____ DATA EXTRACT

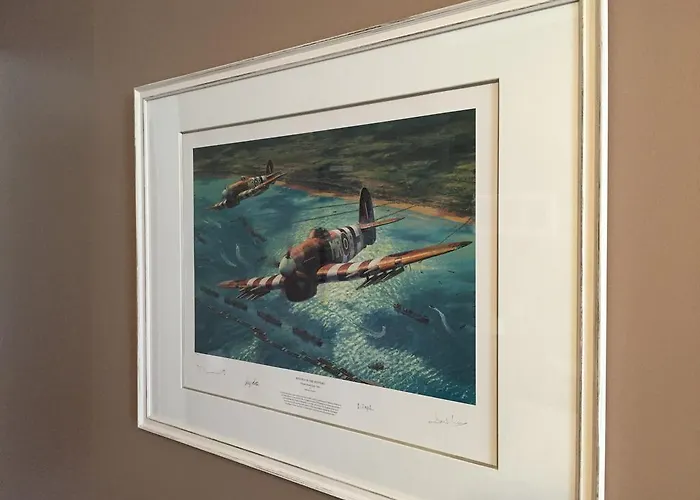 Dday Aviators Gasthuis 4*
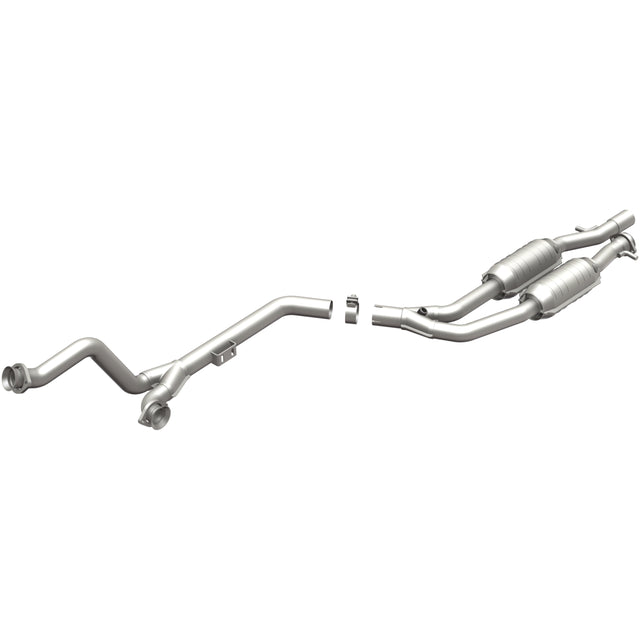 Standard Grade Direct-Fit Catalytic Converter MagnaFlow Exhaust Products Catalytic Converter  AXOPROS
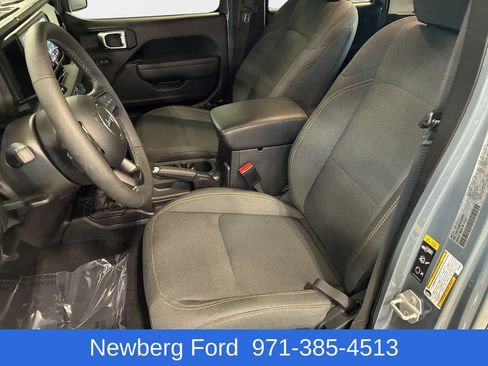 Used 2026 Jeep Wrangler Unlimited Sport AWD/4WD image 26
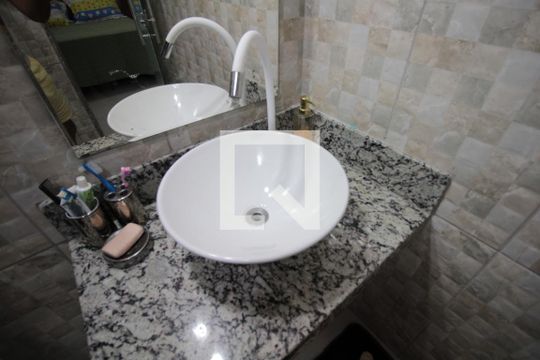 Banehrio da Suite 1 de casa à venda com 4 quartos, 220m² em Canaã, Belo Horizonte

________

» WHAT TO DO
Copy everything in the listing above exactly except the pictures.

» YOUR RESPONSE
 Dday Aviators Gasthuis 4*
 Standard Grade Direct-Fit Catalytic Converter MagnaFlow Exhaust Products Catalytic Converter  AXOPROS
 Used 2026 Jeep Wrangler Unlimited Sport AWD/4WD image 26
 Banehrio da Suite 1 de casa à venda com 4 quartos, 220m² em Canaã, Belo Horizonte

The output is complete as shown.